### RECORDS TO PROCESS:

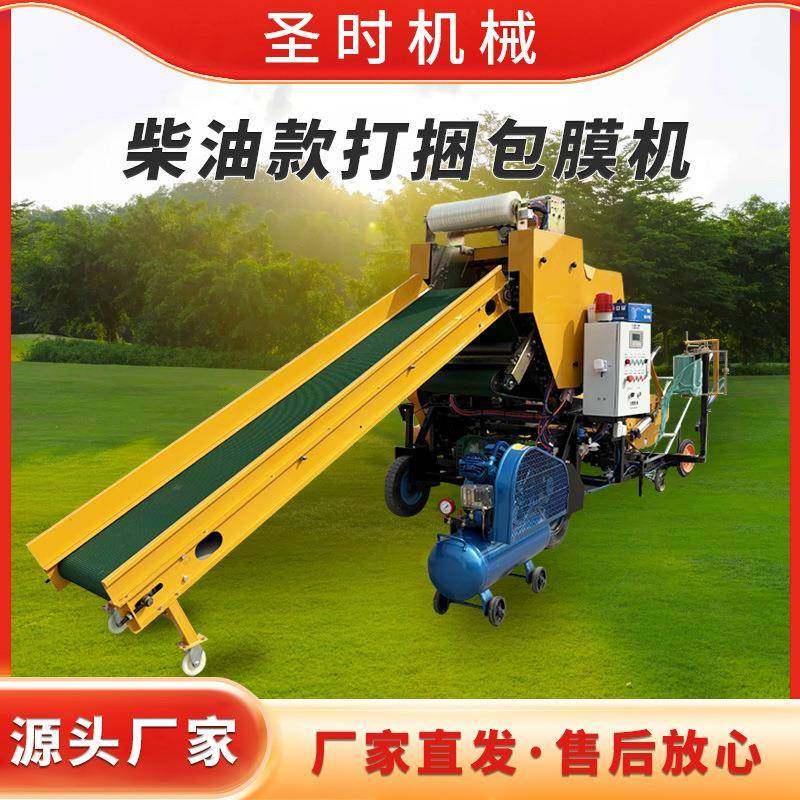 60柴油款打捆包膜机青储牧草饲料打包机玉米秸秆全自动打捆包膜机,畜牧/养殖物资,特种养殖设备,淘宝优惠券,粉丝福利购,淘宝优惠卷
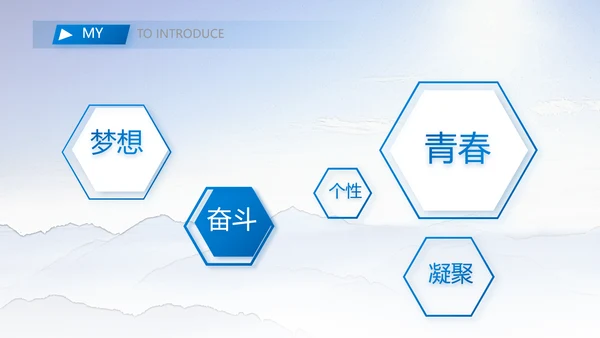 大学生个人简历面试自我介绍岗位竞聘演讲PPT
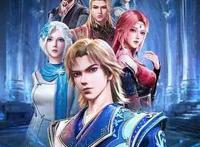 冰火魔厨：融念冰第一把菜刀登场！冰雪女神的叹息晨露刀！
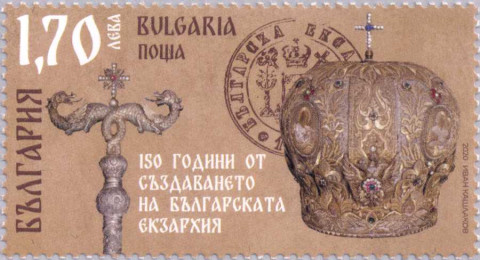 1,70 лева Българска екзархия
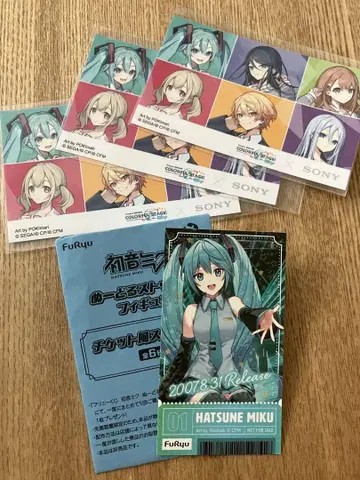 118 하츠네 미쿠 후류 복권 혜택 하츠네 미쿠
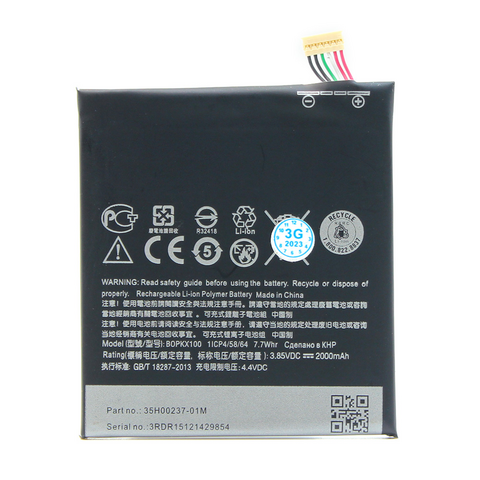 Baterija standard - HTC Desire 626.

### ASSIGNMENT:
Once the pictures are set aside, the remaining data must be transcribed exactly.

### RESPONSE BELOW:
 60柴油款打捆包膜机青储牧草饲料打包机玉米秸秆全自动打捆包膜机,畜牧/养殖物资,特种养殖设备,淘宝优惠券,粉丝福利购,淘宝优惠卷
 大学生个人简历面试自我介绍岗位竞聘演讲PPT
 冰火魔厨：融念冰第一把菜刀登场！冰雪女神的叹息晨露刀！
 1,70 лева Българска екзархия
 118 하츠네 미쿠 후류 복권 혜택 하츠네 미쿠
 Baterija standard - HTC Desire 626.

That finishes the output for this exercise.